I came across this today in a story about a new book on What Ever Happened to the Faculty? Drift and Decision in Higher Education by Mary Burgen. While I'll admit up front that I haven't read the book yet, the following quote triggered my thinking: "But the hype for distance ed ignores the essential social contract involved in the teaching/learning exchange as enacted in live settings. Most cultures have viewed such an exchange as a sacred, communal duty — one that involves socialization as well as the intake of information." (http://www.insidehighered.com/news/2006/11/20/burgan)
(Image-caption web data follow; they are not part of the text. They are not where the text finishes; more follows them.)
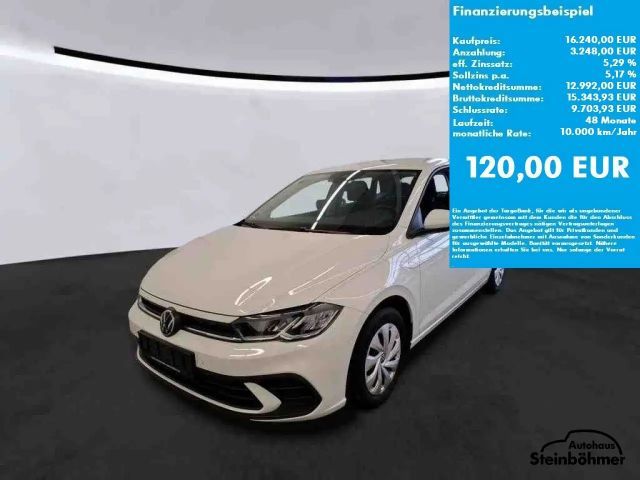 Volkswagen Polo 2023 Benzine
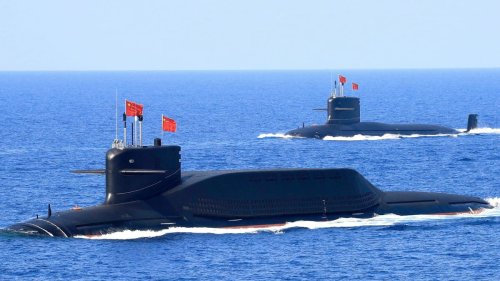 Bis in 4.000 Metern: Chinesisches Spezialgerät ist eine Gefahr für Unterseekabel
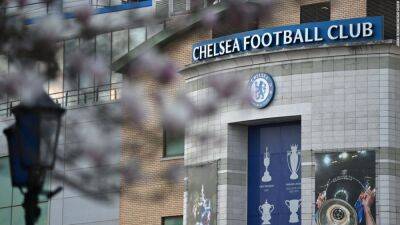 Todd Boehly - English Premier League approves sale of Chelsea FC - edition.cnn.com - Britain - Russia - Ukraine - Los Angeles -  Los Angeles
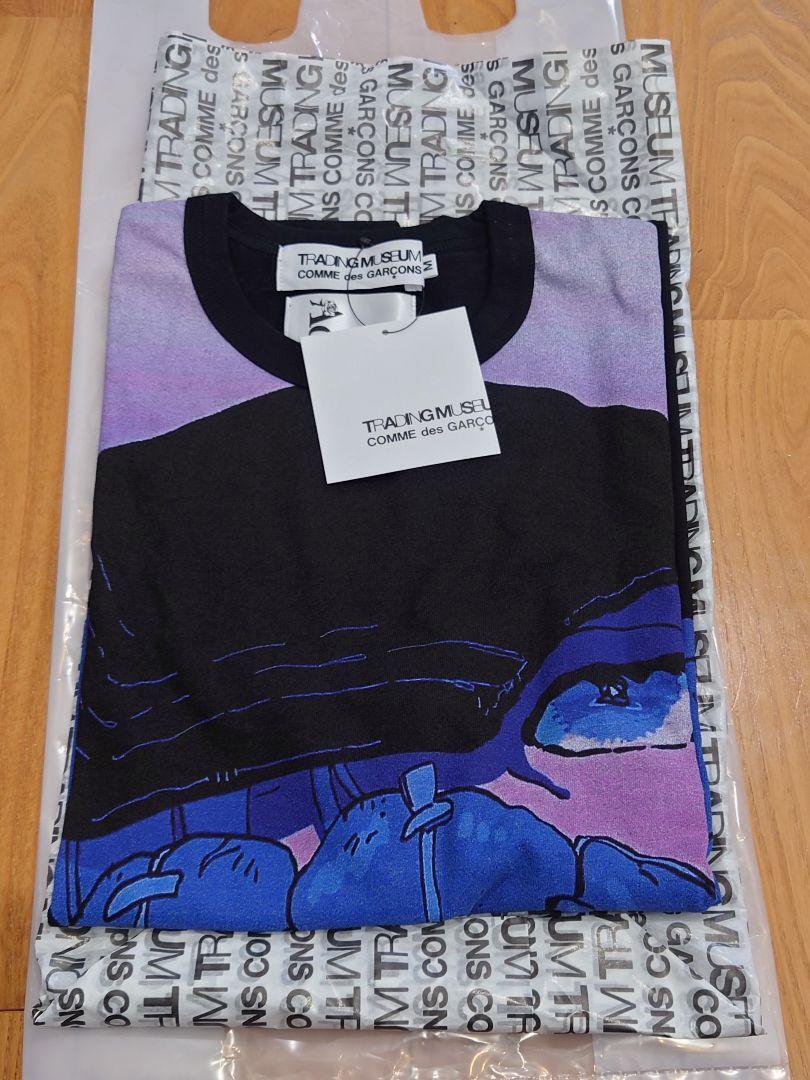 Size M Comme Des Garons Ado T-shirt Black | eBay Size M Comme Des Garons Ado T-shirt Black | eBay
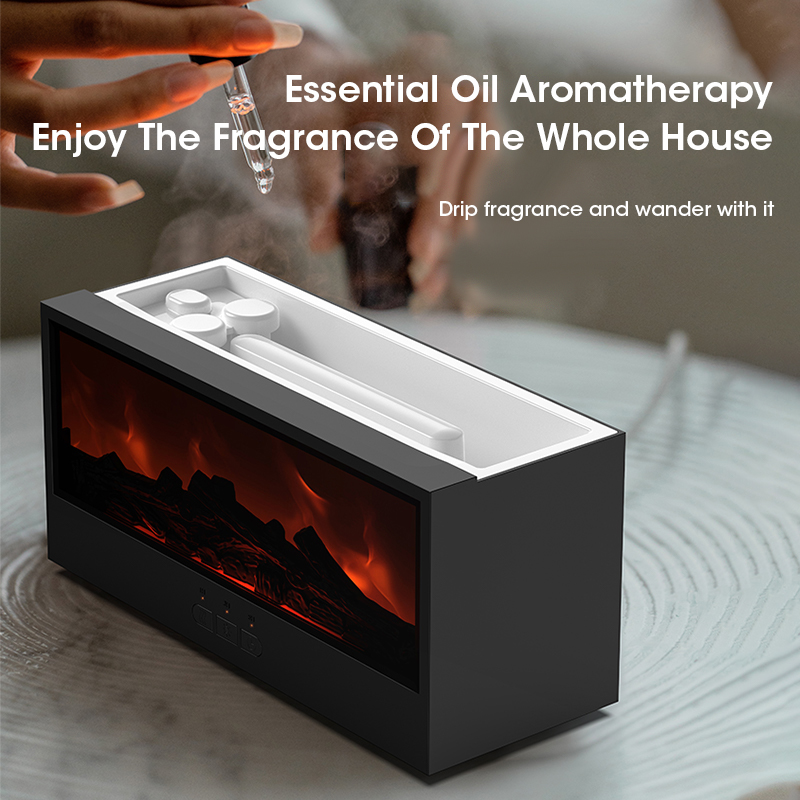 Difusor de Aroma con Simulació - Car Fragrance Diffuser reseña y precio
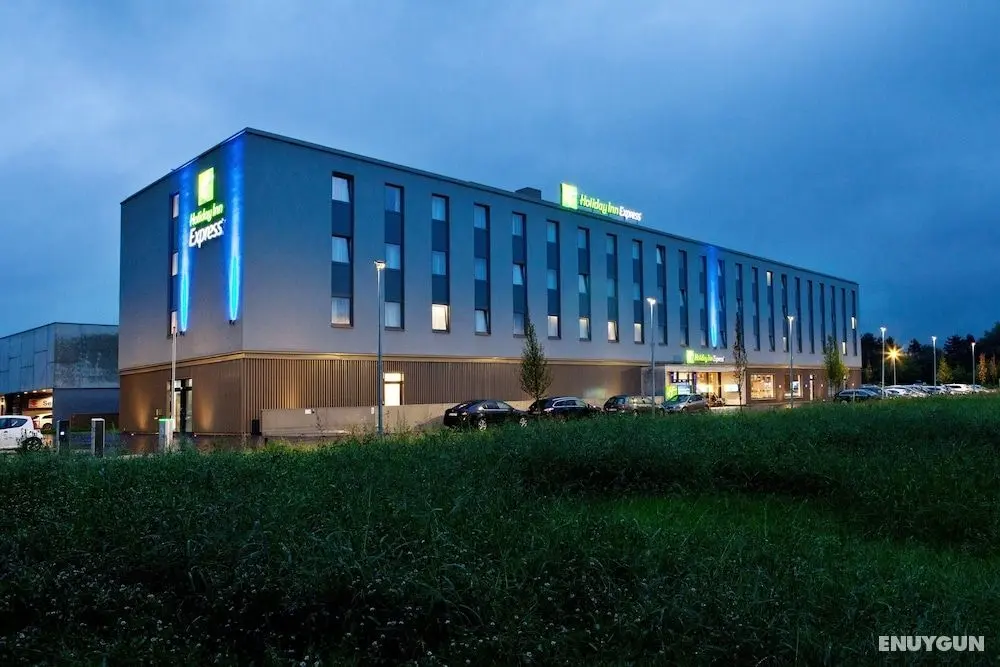 Holiday Inn Express Lustenau, an IHG Hotel - Öne Çıkan Resim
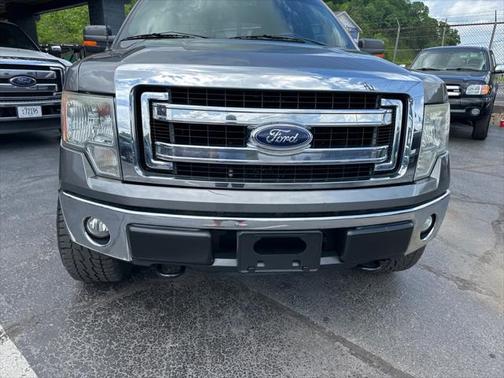 2014 Ford F-150 Platinum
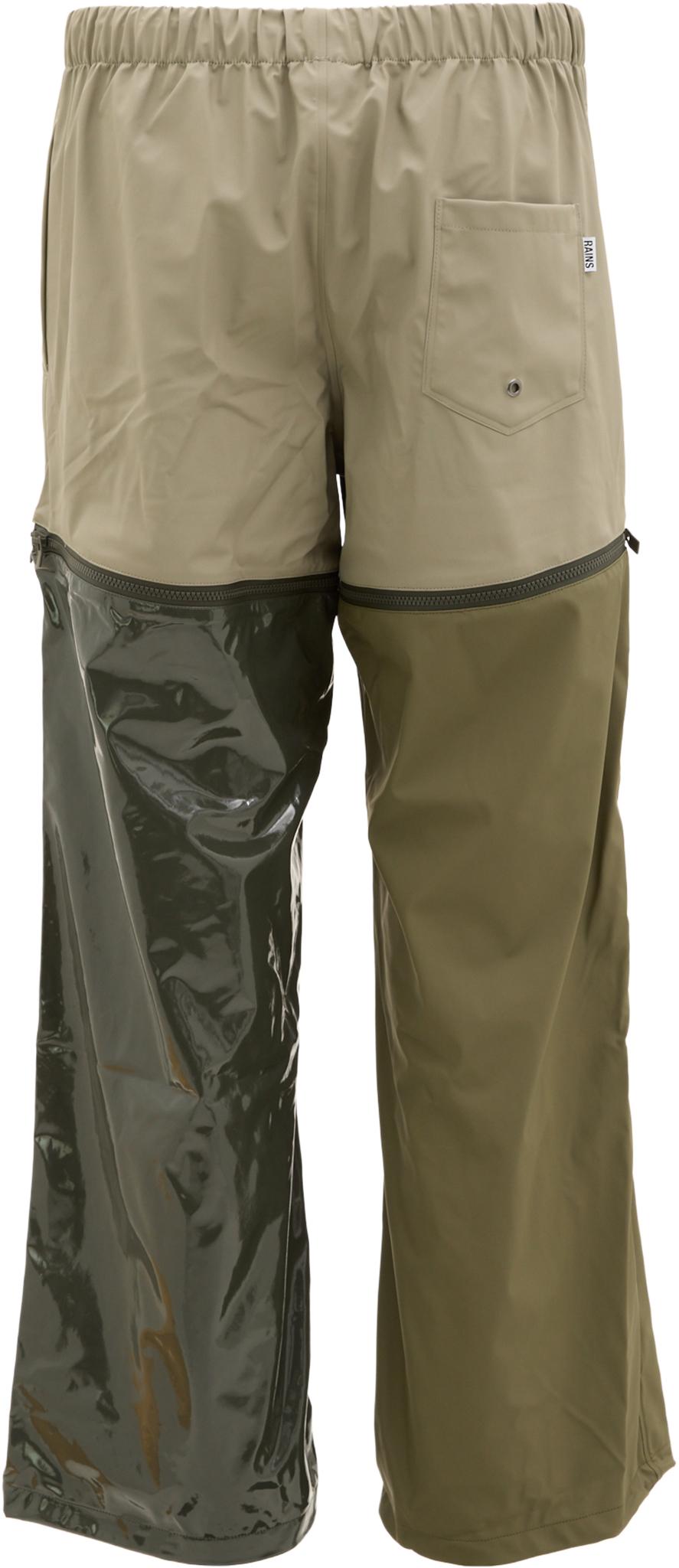 Product gallery image number 2 for product Pantalon de pluie à glissière Vision - Unisexe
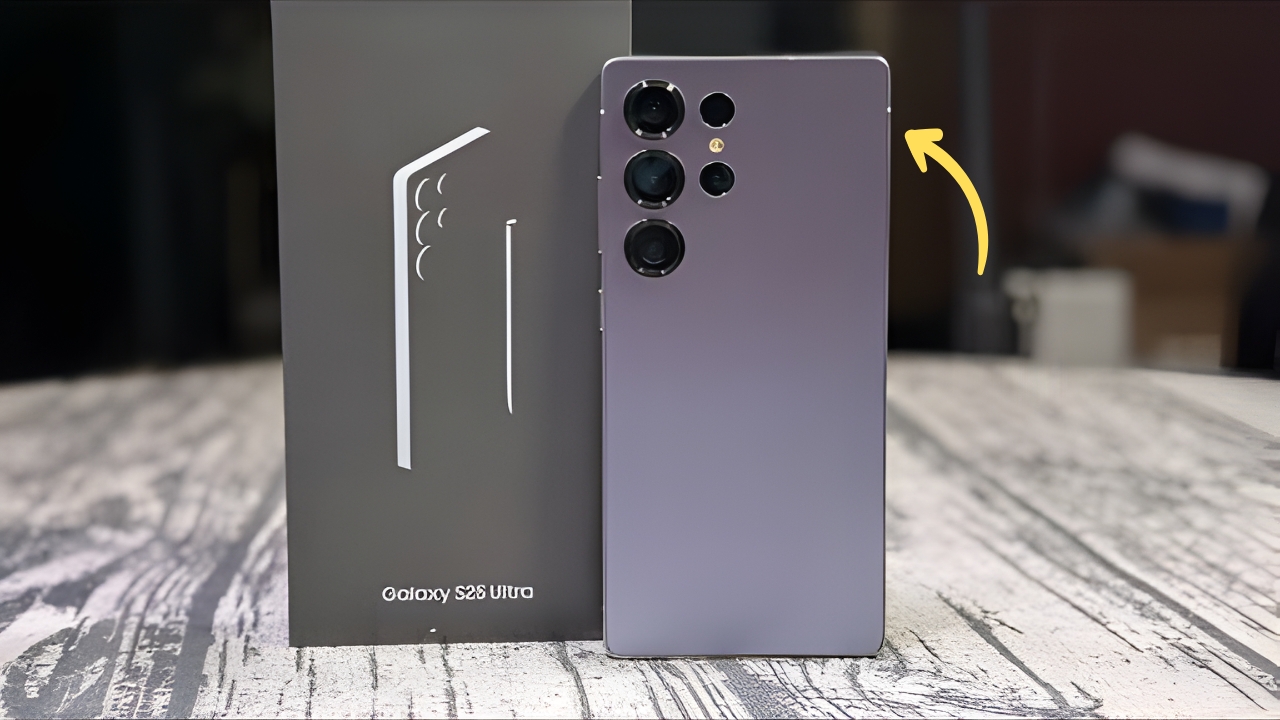 Samsung Galaxy S25 Ultra 5G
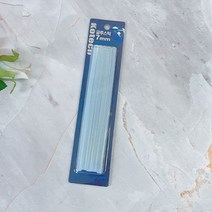 보수용품 글루건심 글루스틱 7mm 10개입 [AGK333]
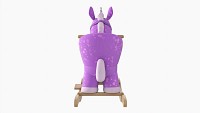 Baby Unicorn Rocking Chair 03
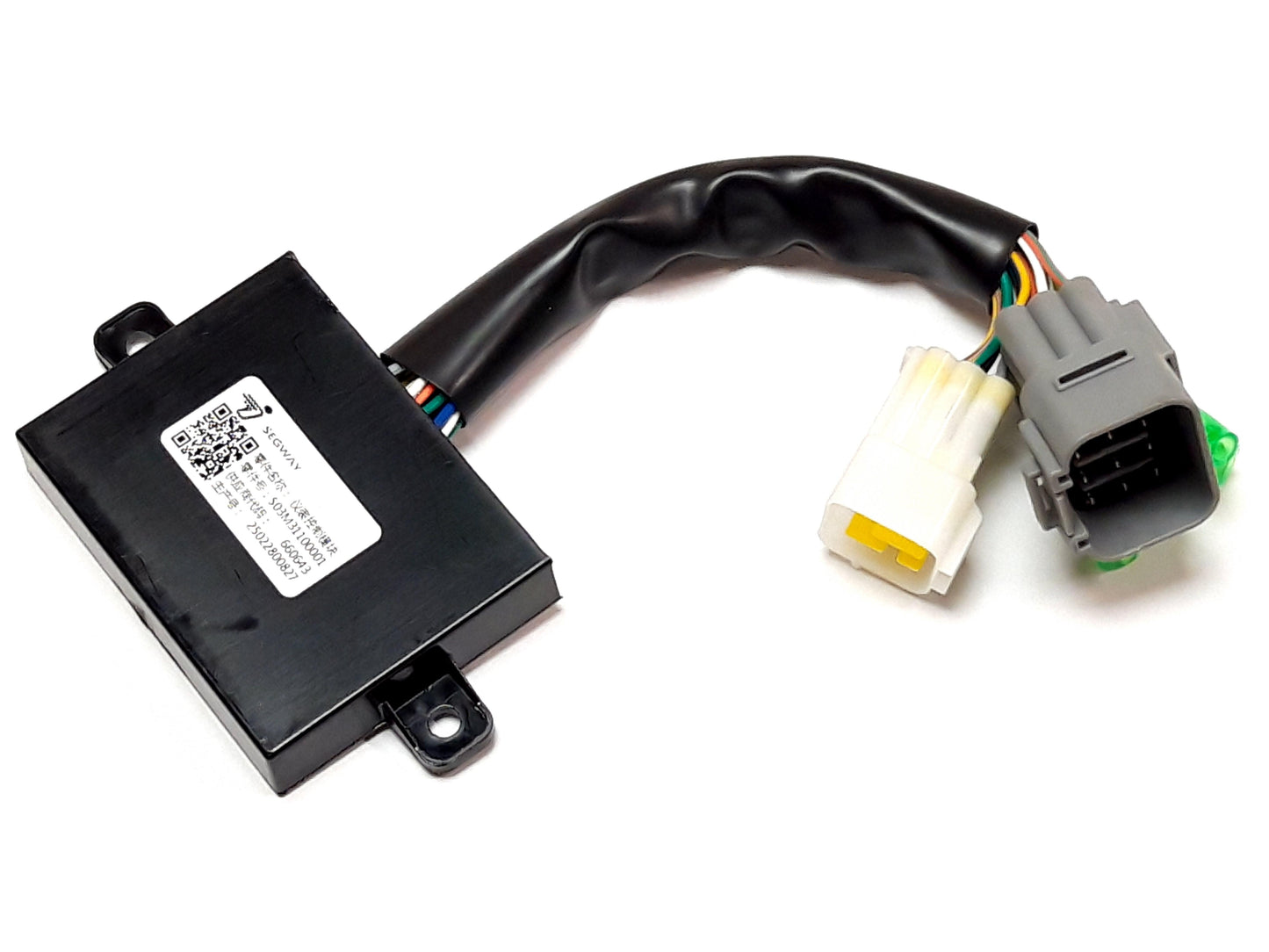 INSTRUMENT CONTROL MODULE Segway Fugleman UT6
I studied my Graduate Certificate in Strategic Foresight at Swinburne University of Technology totally on-line, and then did my Graduate Diploma year in a traditional classroom. I was so disappointed with the quality of my experience in the second year that I complained often to the lecturers about the comparison with my first year experience online. I do not think I have ever had such an intense, productive learning experience as I had in that one year course. The quote above suggests that the only 'good' learning is face to face, and I have to say after my experience that this view is outmoded.

The social interaction we students had in our online course was structured and managed by our course convenor who is one of the most inspirational teachers I have ever had. She challenged me to be intellectually strong and to test myself and my ideas, and she worked hard to develop a learning community that was so strong that it endures today, two years after that part of the course finished.

The argument that we will need to maintain face to face learning into the future needs to be tested against the changing communication and learning styles of our children today. MSN and similar online communications keep our children in touch with each other just as I might have used the telephone when I was a teenager. Children today learn about group work and task achievement through their MMORPG (massive multiplayer online role playing games). They learn about tolerance of diversity and difference through these games as well as they interact with people from all over the world. Why is this sort of experience less of a learning experience than what they learn in classrooms at school during the day?

Learning is such a personal thing that blanket quotes like the one from Burgen's book are probably dangerous. It is the assumption thing again - just because one assumes that learning can only be well done in a face to face setting doesn't mean that it will always be so. A good lecturer can inspire and generate good learning in any environment. It is time that we stopped imposing our assumptions on the learning environment, and learned how to be a bit more open to different learning styles and preferences. Maybe the faculty of today need stop focusing on how they have been cut out of management decision making, and instead focus on how they can engage with learners of the future?